Le CH n’a pas le luxe d’attendre.

Pas avec les contrats à venir de Lane Hutson, d'Ivan Demidov et compagnue. Pas avec la progression d’Adam Engstrom, de William Trudeau, de Logan Mailloux.

À un moment donné, la congestion à gauche devient insoutenable. Et si Guhle ne peut pas s’imposer physiquement, alors il devient redondant.

Un joueur qui coûte peu… mais qui coûte cher en disponibilités.

Un leader potentiel… qui ne peut jamais terminer un match.

Un pilier… dont les fondations s’effritent sans cesse.

C’est peut-être là le plus grand drame de cette équipe.

Kaiden Guhle est tout ce qu’on cherche dans un défenseur moderne : mobile, intelligent, efficace, humble, discipliné. Il est aimé des entraîneurs, respecté dans la chambre, admiré par ses coéquipiers.

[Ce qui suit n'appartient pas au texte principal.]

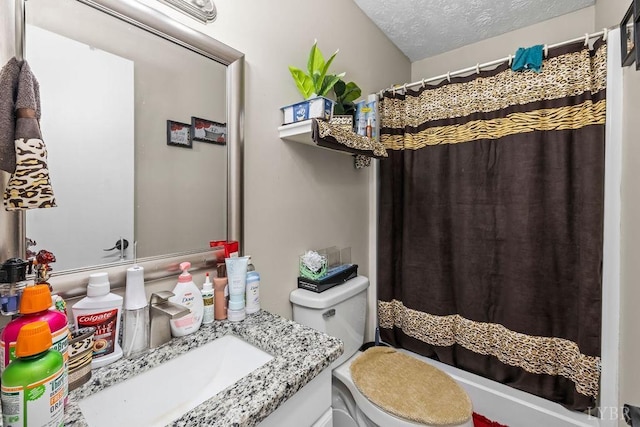 1117 Long Meadows Dr, Lynchburg, VA 24502 - full bathroom with vanity, toilet, a textured ceiling, and curtained shower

Mais il est piégé dans un corps qui le trahit.

Et à chaque fois qu’on pense que le cauchemar est derrière lui, une nouvelle absence vient le rappeler à notre mémoire.

Hier, c’était « rien de grave ». Aujourd’hui, c’est une journée de traitements. Demain? Peut-être un mois sans jouer.

Ce scénario commence à ressembler à un disque rayé. Et il est peut-être temps que le Canadien change la chanson.

Le Canadien a refusé d’envoyer Guhle à Saint-Louis. Il a dit non à Kyrou. Il a dit non au renfort offensif. Il a dit non à une direction différente. Il a dit oui à la fragilité.

Mais jusqu’à quand?

Le moment approche où Kent Hughes n’aura plus le choix. Il devra regarder froidement la situation, sans attachement émotionnel, et se poser la question qui dérange : vaut-il mieux un joueur sublime 50 matchs par année ou un bon joueur disponible 82 fois?

Et s’il ne trouve pas de réponse… la question se répondra d’elle-même, à la prochaine blessure.

À la prochaine journée de maintenance.